Based on talk given at The Leeds Mental Health and Crisis Service Conference, Leeds, 6 December 2000

There are several parallels that can be drawn between the chaos on the train services in this country in the period following the Hatfield crash in October 2000 and the current state of mental health services. The train journey from London to Leeds to this conference took me a very long five hours. My train was at a standstill for an hour and a quarter at one stage, because it took this length of time for the train staff to work out that somebody had pulled the communication chord. Initially we had been told that the wheels of the train had jammed - then that the driver had managed to fix the problem. A few minutes later it was announced that we would after all have to wait for an engineer to come to lend assistance. Eventually the train started moving and we were informed that the real reason for the wait had been that someone had pulled the communication chord. Even though there had been no apparent need for such a long delay, the train company thought it could ameliorate any damage by keeping us informed. I am sure the company thought it was fulfilling its responsibilities.

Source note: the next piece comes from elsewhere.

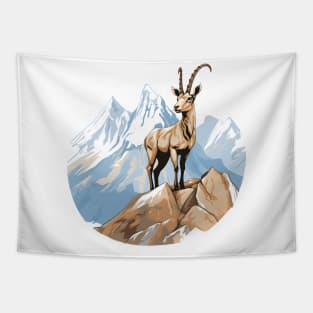 chamois Tapestry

Glad to be on the move again, I started thinking about what would have happened if there had been a real emergency and if someone had pulled the communication chord in extremis, only for it to have taken an hour and a quarter to find out. I even went to look for where the communication chord had been pulled and discovered from one of the conductors that it was apparently in a toilet in one of the carriages. I asked why the staff had not detected the signal from the communication chord. His answer was that the chord was broken. A few minutes later it was announced over the public address system that the toilet should not be used because of a faulty communication chord!

Again, I am sure the company thought it was protecting its interests against a complaining public by making such an announcement. A moment's reflection will conclude, however, that the best action may not have been taken in the interests of passenger safety. Surely it would have made sense to lock the toilet and put it out of action if there was a genuine faulty communication chord. Despite having made the announcement to the current passengers, who may have been able to take heed and remember the warning if they were listening, people getting on at the next station would not have had this information. They may have used the toilet in ignorance of the fact that they could not have called for help by pulling the communication chord.

I mention this episode to emphasise that we live in a risk society (Beck 1992). It may have made sense for train speeds to be restricted because of the poor state of the railtrack. An overemphasis and obsession with risk however may not necessarily make matters safer overall. Commonsense may be abandoned in the interest of defensive actions.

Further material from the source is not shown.